I don't know if I would smokes those... or put them in a display case.


----------



## Webmeister (Jun 12, 2007)

My man Sam - that has to be one of the most awesome hits I've seen... ever!


----------



## Pendaboot (Jan 2, 2008)

How do you top that bomb? Amazing. It's almost too tough to even try. Almost.


----------



## Bulz (Apr 14, 2007)

Awesome! Those are special smokes indeed! 

(Sammy, I better get one of those 5 you kept!)


----------



## canney (Sep 2, 2007)

1 cigar to 42 people sounds like a good idea.
Nice bomb


----------



## Cigar Jack (Nov 16, 2005)

Just be glad he didn't put cellophane on them!

(Inside joke)


----------



## Deuce Da Masta (Dec 4, 2006)

Wow sam, that is very generous of you! Way to hit a BOTL!!!

Deuce


----------



## Maduro PiPs (Jul 5, 2007)

Sam is the MAN! Just awesome and they look GREAT!!!!!!!!  Do you have your own custom band??


----------



## Harpo Marx (Jan 3, 2008)

<speechless>.........

:biggrin:


----------



## stlcards (Sep 14, 2007)

Very nice Sam. Class act.


----------



## ER Doc (Feb 8, 2007)

WOW! That's really cool, Sam. Great pick, by the way!


----------



## DOZER (Sep 30, 2007)

:dribble: Very Nice!!! :dribble:


----------



## tekeeladude-cl (Mar 13, 2007)

That's more like a bombing campaign! Way to go Sam.


----------



## stlcards (Sep 14, 2007)

Where's the recipient?


----------



## Slow Triathlete (Jun 14, 2007)

Awesome Sam. Totally awesome!!


----------



## Puffer (Nov 27, 2007)

That just blows my mind.. Sweet. Sam is the Man..


----------



## stig-cl (Nov 13, 2007)

Wow, that's incredible. Just wow.


----------



## Lok17 (Jul 31, 2007)

CRAZY!!!!!Just when you think Sam can't even top himself, he comes out with his custom blend, and gives them away!!!


----------



## Scoop (Sep 20, 2007)

Very nice Sam! 

It must have taken quite some time to roll all of those.


----------



## tobacmon (May 17, 2007)

I'm Jealous--Mcfortner's out of the country and ask me to take care of these till he returns!!!

Nice Jester!


----------



## baboruger (Jun 18, 2007)

fantastic!!!


----------



## Sam Leccia (Apr 14, 2007)

McFortner???

Where are you??

I need to confirm your addy...I remember you saying something about changing addy's....


----------



## Tha Criddler (Jul 26, 2007)

That is first class. Talk about something special.


----------



## Maduro PiPs (Jul 5, 2007)

Sam Leccia said:


> McFortner???
> 
> Where are you??
> 
> I need to confirm your addy...I remember you saying something about changing addy's....
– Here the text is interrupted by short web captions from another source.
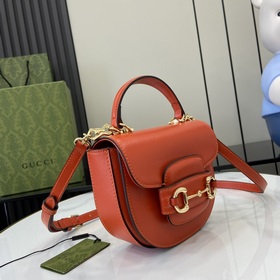 Новинка Мини-сумка Gucci Horsebit 1955. Серия Gucci Horsebit 1955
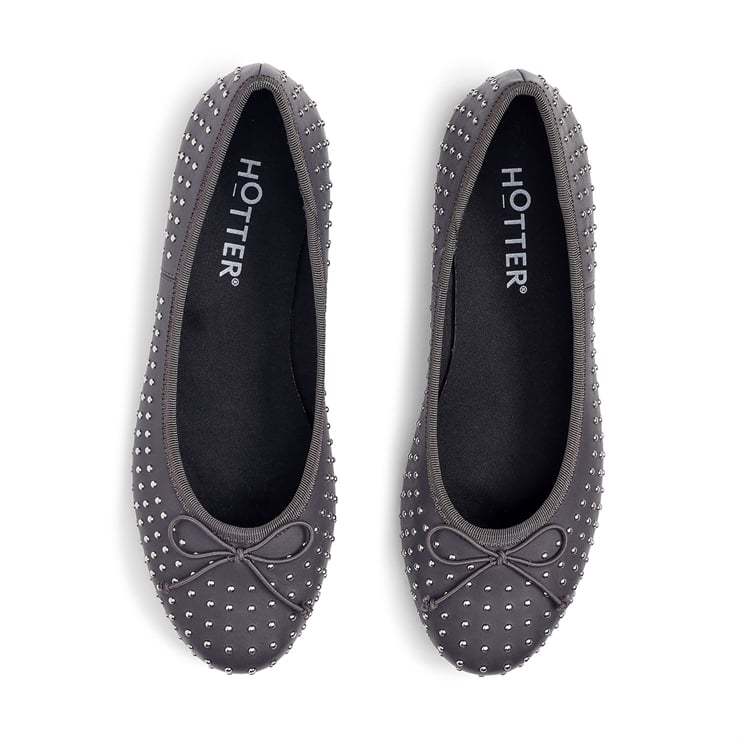 Ebba Shoes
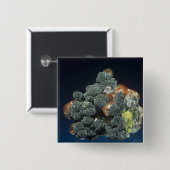 Descloizite auf Kalzit Button (Vorne & Hinten)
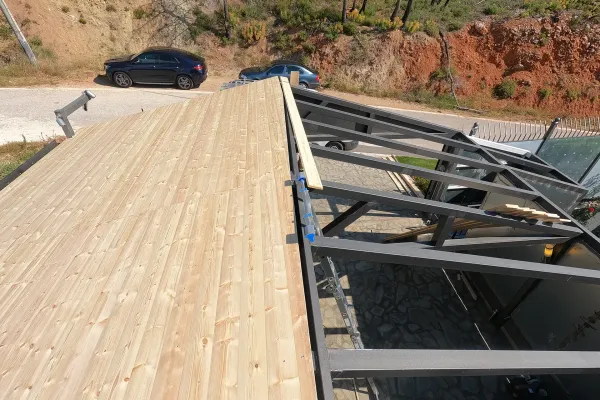 Βαμμένο κίτρινο κεραμίδι σε μεταλλικό σκελετό στην Ιπποκράτειο Πολιτεία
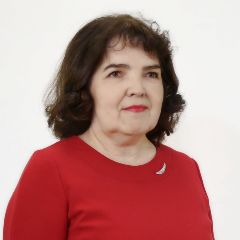 Знатдинова Нелия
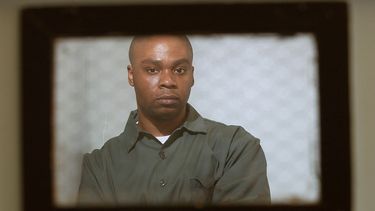 Valentino Nixon, de 48 años, cumplía una pena de entre 33 años y cadena perpetua que le impedía salir en libertad provisional hasta 2030.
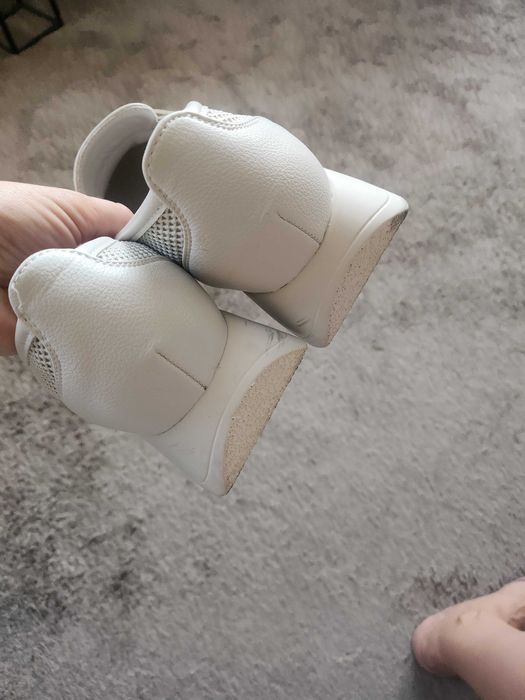 Макасини бели на платформа н.37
You better make sure he is still around Sam!


----------



## Bigfoot (Jun 25, 2007)

outstanding!


----------



## Sam Leccia (Apr 14, 2007)

i still haven't heard from him....haven't sent them yet till he confirfms his location...


Anyone?


----------



## JoeyBear (Jul 31, 2007)

I know his world is shit right now with the divorce and everything. He's going through a lot, so he might not be on much. Sorry, Sam, don't have much more for you.


----------



## JoeyBear (Jul 31, 2007)

In his profile, he says that his PO box is his current address, in response to your pm I would imagine. Hope that helps


----------



## tobacmon (May 17, 2007)

I can't understand--he was on the last day or two---I thought I saw a message in his profile to you ----You might check it Sam---if he doesn't want them put them up for bid---:dribble:


----------



## tx_tuff (Jun 16, 2007)

Thats a crazy special bomb right there. Sam you are always topping yourself but you made it even harder to do the next time! You Rock!


----------



## JoshIB (Dec 22, 2007)

When will the insanity stop....hope it doesnt......that was freakkkkin awesome.....enjoy every last bit...... long ashes


----------



## mjohnsoniii (Sep 9, 2007)

Hey Sam, have you heard from him yet? if not...

*wink,wink*


----------



## FoZzMaN-cl (Jul 3, 2007)

How did I miss this until now?

Sam, that's probably the coolest thing ever. McF - congrats, brother, and I hope all goes well for you otherwise.


----------



## smokinj (Jan 16, 2008)

Holy Cigars !!!! You are the Man,Sam!


----------